Et le service est un service d’espérance. S’il y a une personne qui ne semble pas avoir de motifs d’espérance humaine, c’est la Vierge, à cause de ces choses étranges qui avaient lieu dans sa vie: la naissance de Jésus, ensuite la persécution et la fuite, puis le retour, et voir son fils qui grandissait dans les contradictions... Mais elle regardait de l’avant: elle était la Dame de l’espérance. Aujourd’hui, nous sommes tous experts dans le manque d’espérance. Nous trouvons toujours des échappatoires pour ne pas avoir d’espérance, quand nous commençons à nous plaindre du monde: «Mais cela..., et ces catastrophes, les choses qui arrivent...». Il arrive des choses laides, mais pas plus laides que celles qui arrivaient à l’époque de la Vierge. C’est la même chose. Le monde change, les formes changent, mais les esclavages, les guerres, la cruauté de cette époque sont celles d’aujourd’hui. Il faut semer l’espérance, regarder au-delà. La Vierge nous enseigne également à semer l’espérance. Pensez au Calvaire; pensez à la Pentecôte, quand elle priait avec les disciples. C’est la Vierge des douleurs, et dans la douleur, dans la pauvreté, dans le dépouillement l’espérance vient, on voit clair. Quand quelqu’un va bien, ce n’est pas très facile d’exprimer l’espérance, mais quand il y a des difficultés, l’espérance arrive. Et Elle [Marie] est une maîtresse, elle nous a beaucoup enseigné. Elle nous a beaucoup enseigné.

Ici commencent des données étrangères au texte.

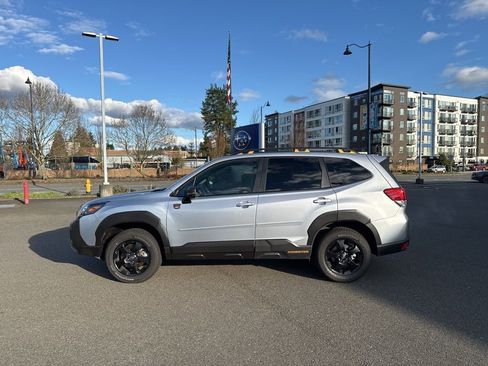 Used 2024 Subaru Forester Wilderness w/ Convenience Package image 2
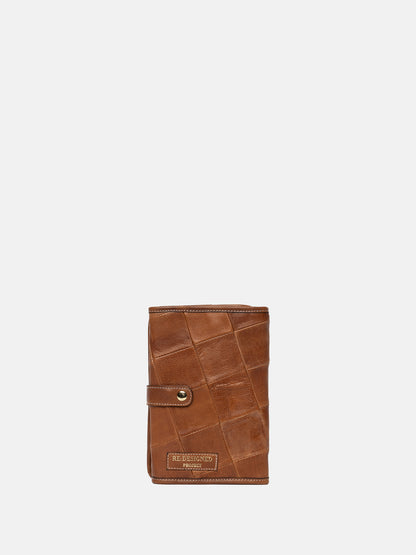 PROJECT Project 22 Needle Case Walnut/Gold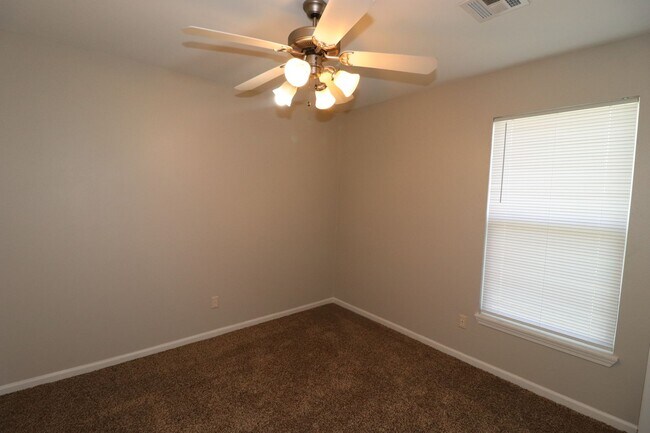 Building Photo - Newly updated duplex for rent!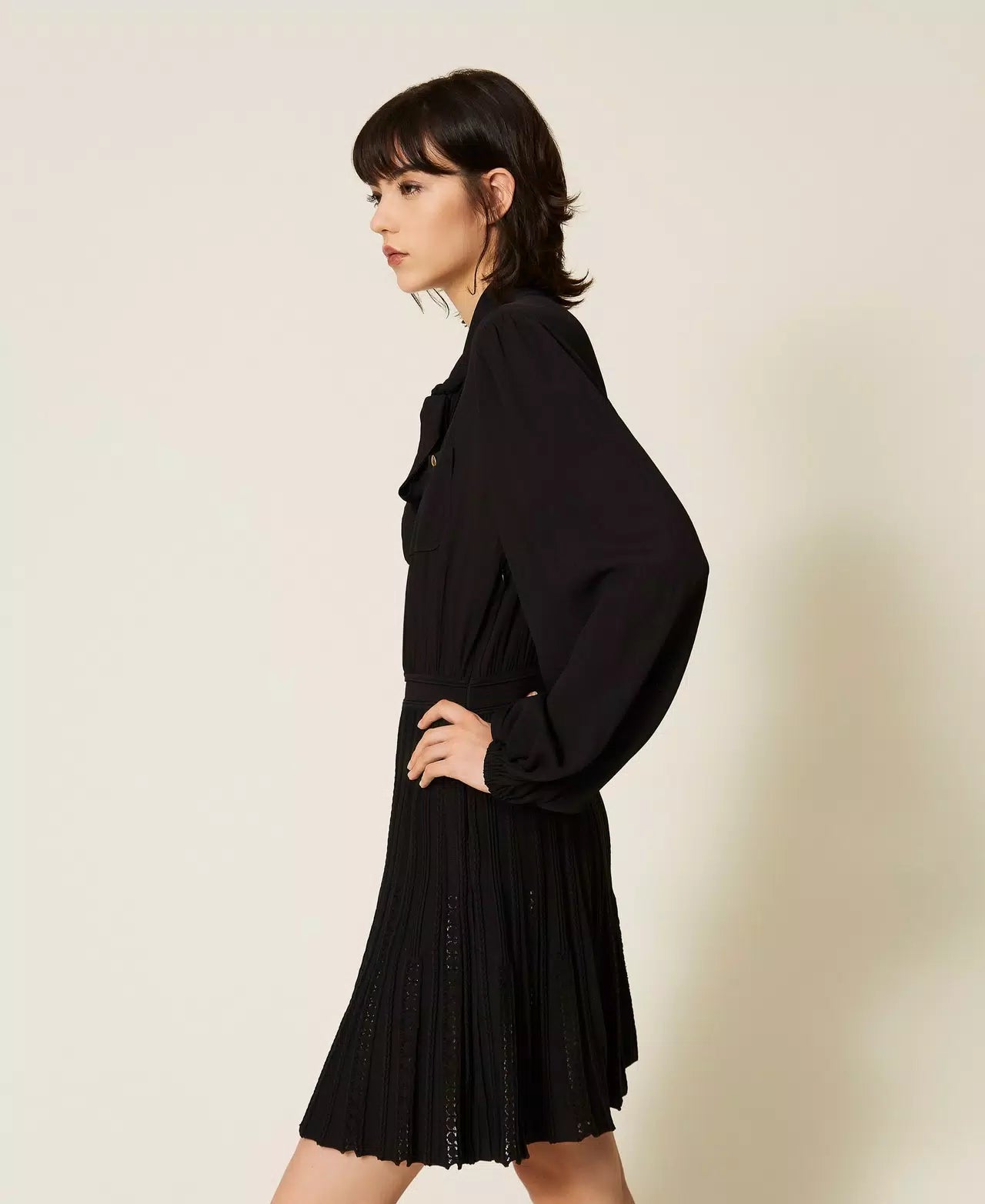 Abito corto con gonna in maglia Twinset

Ensuite, l’autre mot [du thème de votre chapitre]: «dans un monde qui change». Le changement. Le temps est toujours en changement. Nous avons la tentation d’arrêter le temps, de le diviser, de le dominer... Comme le disait quelqu’un ici, au synode pour l’Amazonie: «Vous, Européens, vous avez la montre, nous [autochtones] nous avons le temps». Parier sur le temps. Oui, les choses changent, mais le temps est à Dieu. Et ne pas nous refermer sur nos temps, qui sont trop humains, trop humains. Aller de l’avant selon le temps de Dieu: Lui sait.

Etre serviteurs de la Vierge, de l’espérance, dans un temps qui change, en changement, n’est possible qu’avec la prière. Vos sept fondateurs se sont tout d’abord retirés pour prier. Et ils ont bien prié! Je vous le demande: n’abandonnez pas la prière. C’est le fondement de votre vie. La prière également pour demander l’aumône à la Vierge: «Aide-moi à être un serviteur fidèle». Cette prière est féconde et vous apportera des vocations et de nombreuses choses. La prière est l’instrument qui fait des miracles. Elle fait des miracles. Mais il y a tant de personnes incrédules sur le pouvoir de la prière. Et je suis tenté de dire — c’est une tentation, mais je le dis quand même — que très souvent les plus grands incrédules ce sont nous, les évêques, les prêtres, qui ne croyons pas au miracle de la prière. Nous ne croyons pas à ce que Jésus nous dit: «Demandez et vous obtiendrez». Nous ne croyons pas dans notre Père qui a tant de force.

C’est ce que j’ai envie de vous dire, ainsi, fraternellement. En rappelant cette expérience de 1957 et également le 17 février de chaque année, quand je regarde ces hommes bons qui ont fait ce signe; ils l’ont fait par une inspiration du Seigneur, mais ils ont été fidèles à cette inspiration. Cela vous indique la voie à parcourir. Les autres choses, je les dis là, dans le texte écrit.

Pour finir, une dernière référence à l’esprit... mais pas à l’Esprit Saint! Au beau geste de m’apporter un peu d’esprit pour réconforter le cœur! [du vin produit dans la ferme des serviteurs de Marie en Toscane]. Merci, merci beaucoup! Et priez pour moi qui en ai besoin, pour que moi aussi je puisse être un peu serviteur de la Vierge à une époque de transformation, serviteur d’espérance. Merci!